For this exercise, restate word for word only the lines from the one containing "Chaussettes à pois" through the last line below. Pictures do not get copied.

• _The data_
________
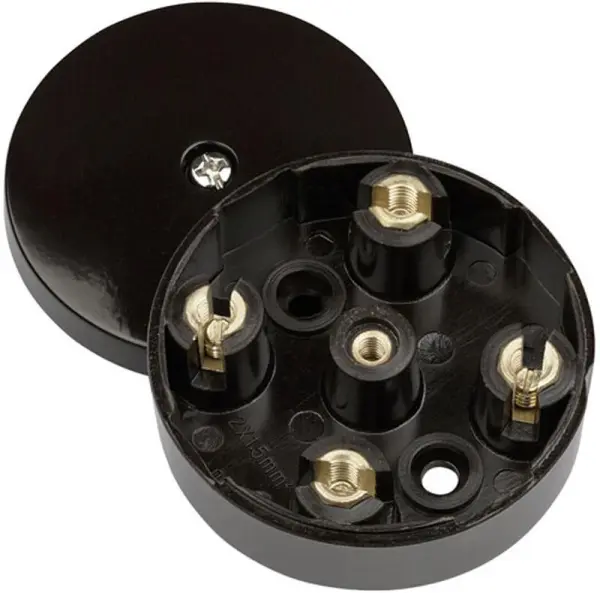 CLICK Caja de Conexiones Resistente 20A, 4 Terminales, Marrón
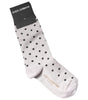 Chaussettes à pois en viscose stretch grise Dolce & Gabbana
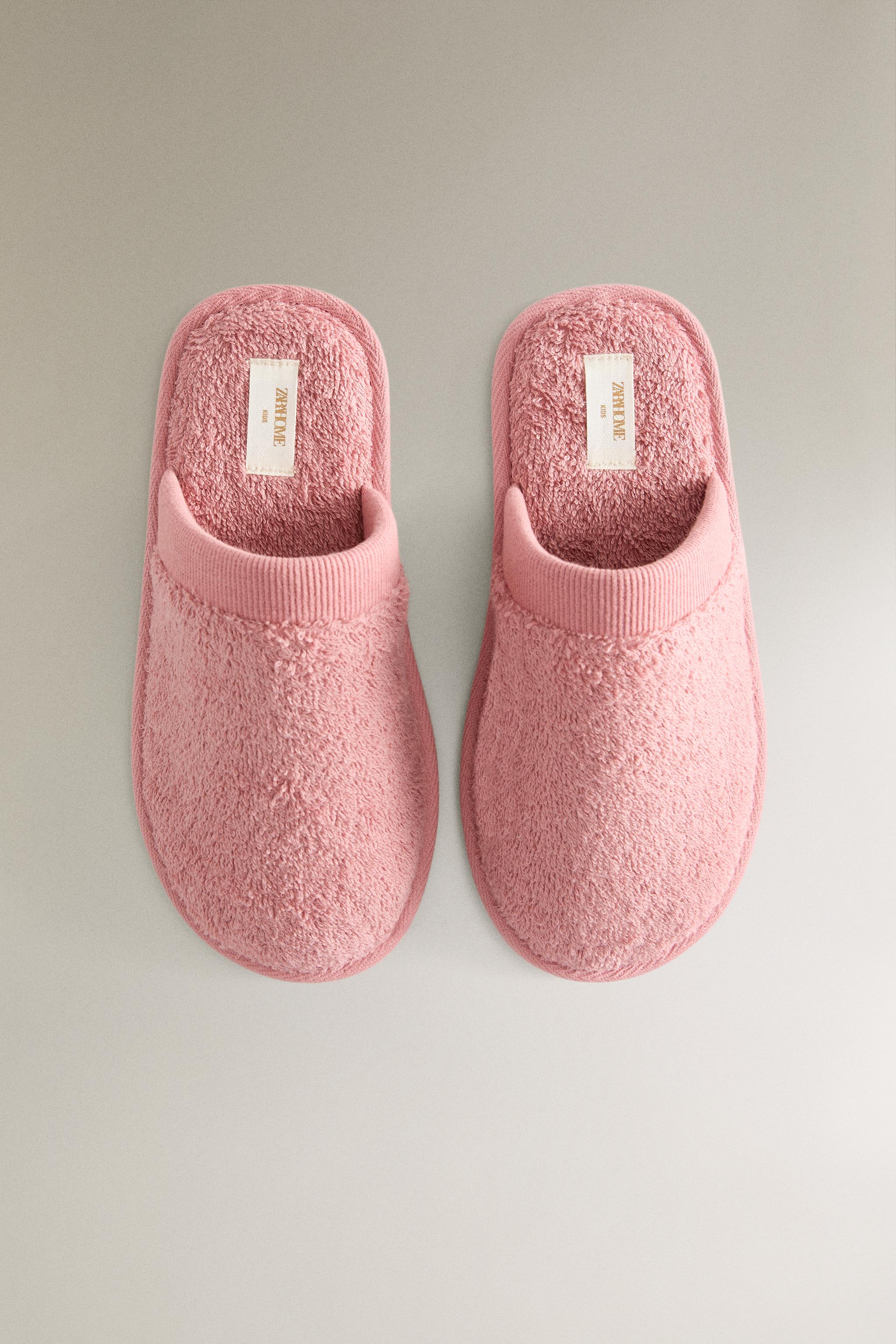 CHILDREN'S BATHROOM TERRY CLOTH MULE SLIPPERS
________
• _Task result_
 Chaussettes à pois en viscose stretch grise Dolce & Gabbana
 CHILDREN'S BATHROOM TERRY CLOTH MULE SLIPPERS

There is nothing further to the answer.